## [INPUT]

-- -- --

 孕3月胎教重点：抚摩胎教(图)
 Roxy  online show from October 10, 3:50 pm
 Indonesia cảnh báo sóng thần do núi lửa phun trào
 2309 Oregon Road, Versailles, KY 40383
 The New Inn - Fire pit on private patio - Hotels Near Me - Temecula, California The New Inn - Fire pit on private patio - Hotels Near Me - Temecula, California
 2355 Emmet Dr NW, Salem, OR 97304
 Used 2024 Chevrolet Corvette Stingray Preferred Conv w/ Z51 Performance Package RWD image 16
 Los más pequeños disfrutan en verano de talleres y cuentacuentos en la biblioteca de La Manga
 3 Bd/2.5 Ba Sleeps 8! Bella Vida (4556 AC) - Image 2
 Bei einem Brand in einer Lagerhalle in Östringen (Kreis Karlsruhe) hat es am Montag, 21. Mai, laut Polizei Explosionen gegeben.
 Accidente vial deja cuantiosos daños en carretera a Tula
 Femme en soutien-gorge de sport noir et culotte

-- -- --

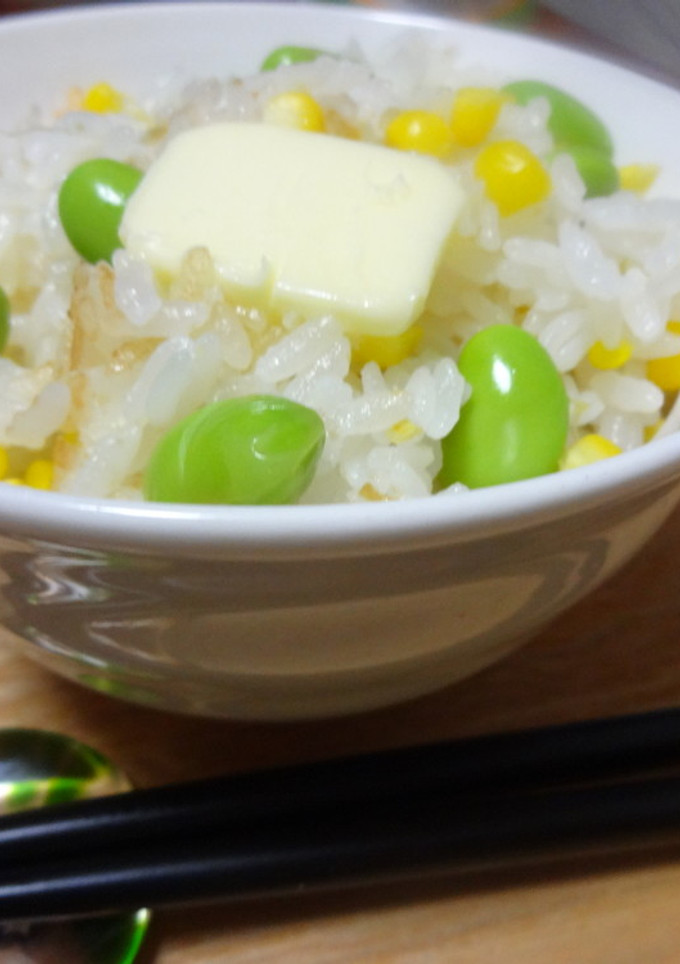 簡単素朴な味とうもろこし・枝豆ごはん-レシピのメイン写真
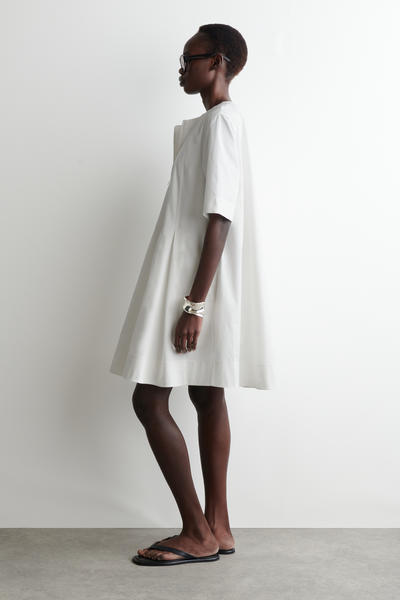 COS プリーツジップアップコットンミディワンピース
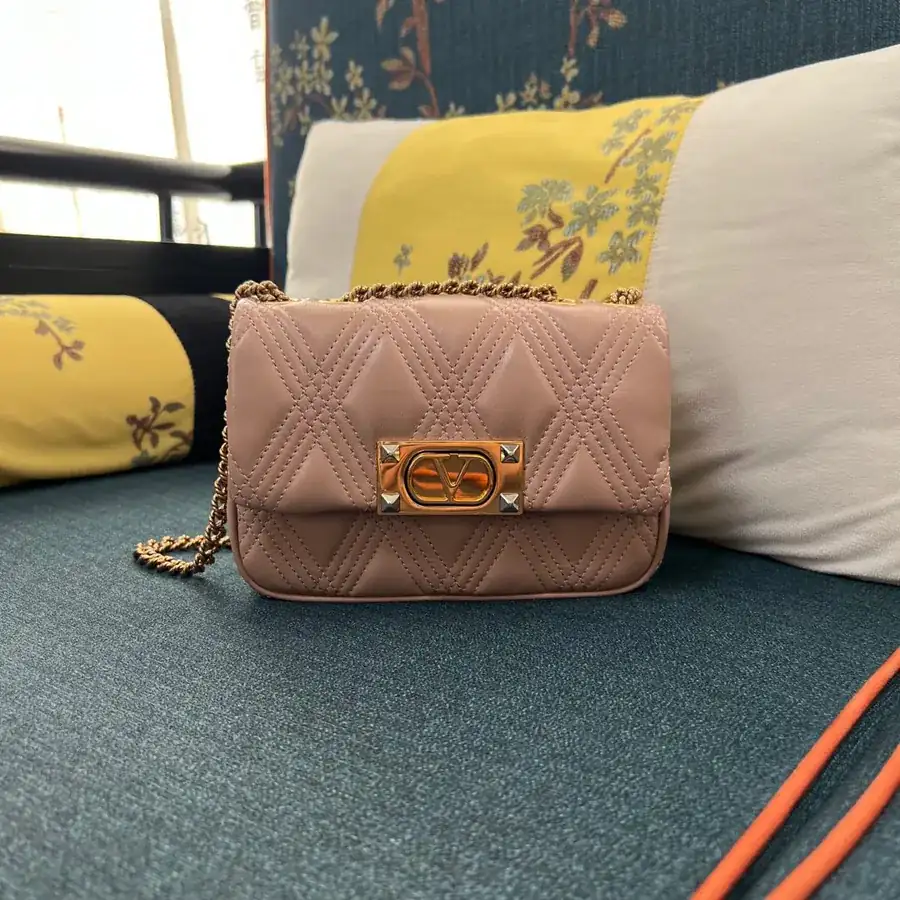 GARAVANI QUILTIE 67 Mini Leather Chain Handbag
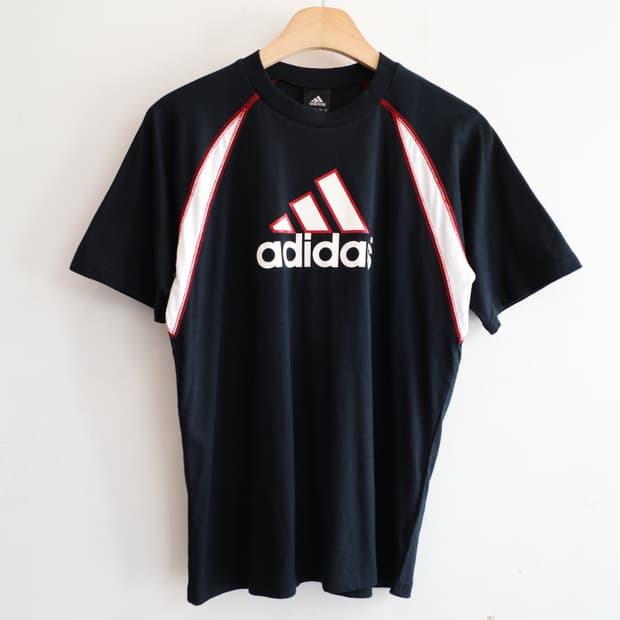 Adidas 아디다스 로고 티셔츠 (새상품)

-- -- --

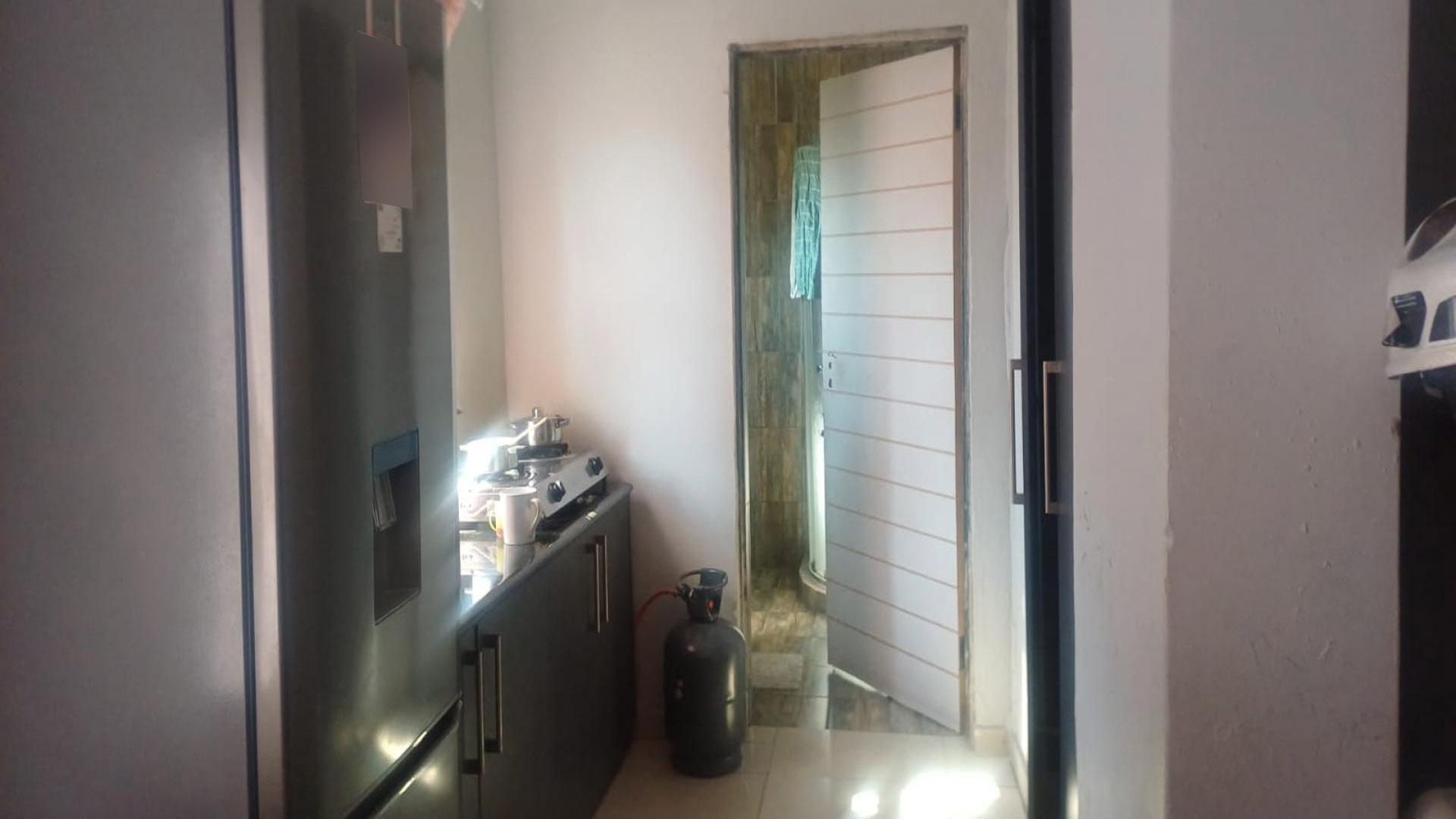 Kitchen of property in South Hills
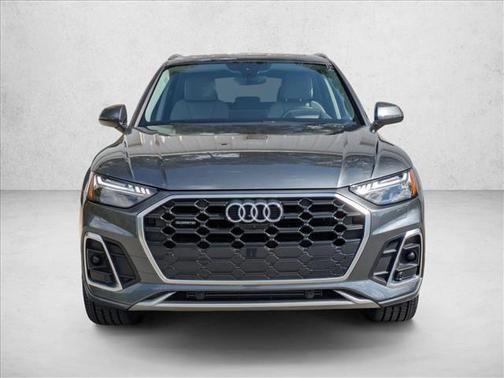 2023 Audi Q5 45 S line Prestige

-- -- --

## [WHAT YOU SHOULD DO]
Reproducing the whole listing above is not the task. Copy exactly only the lines from the one with "Indonesia cảnh báo" to the one with "Femme en soutien-gorge", both kept.

## [EXERCISE ANSWER]
 Indonesia cảnh báo sóng thần do núi lửa phun trào
 2309 Oregon Road, Versailles, KY 40383
 The New Inn - Fire pit on private patio - Hotels Near Me - Temecula, California The New Inn - Fire pit on private patio - Hotels Near Me - Temecula, California
 2355 Emmet Dr NW, Salem, OR 97304
 Used 2024 Chevrolet Corvette Stingray Preferred Conv w/ Z51 Performance Package RWD image 16
 Los más pequeños disfrutan en verano de talleres y cuentacuentos en la biblioteca de La Manga
 3 Bd/2.5 Ba Sleeps 8! Bella Vida (4556 AC) - Image 2
 Bei einem Brand in einer Lagerhalle in Östringen (Kreis Karlsruhe) hat es am Montag, 21. Mai, laut Polizei Explosionen gegeben.
 Accidente vial deja cuantiosos daños en carretera a Tula
 Femme en soutien-gorge de sport noir et culotte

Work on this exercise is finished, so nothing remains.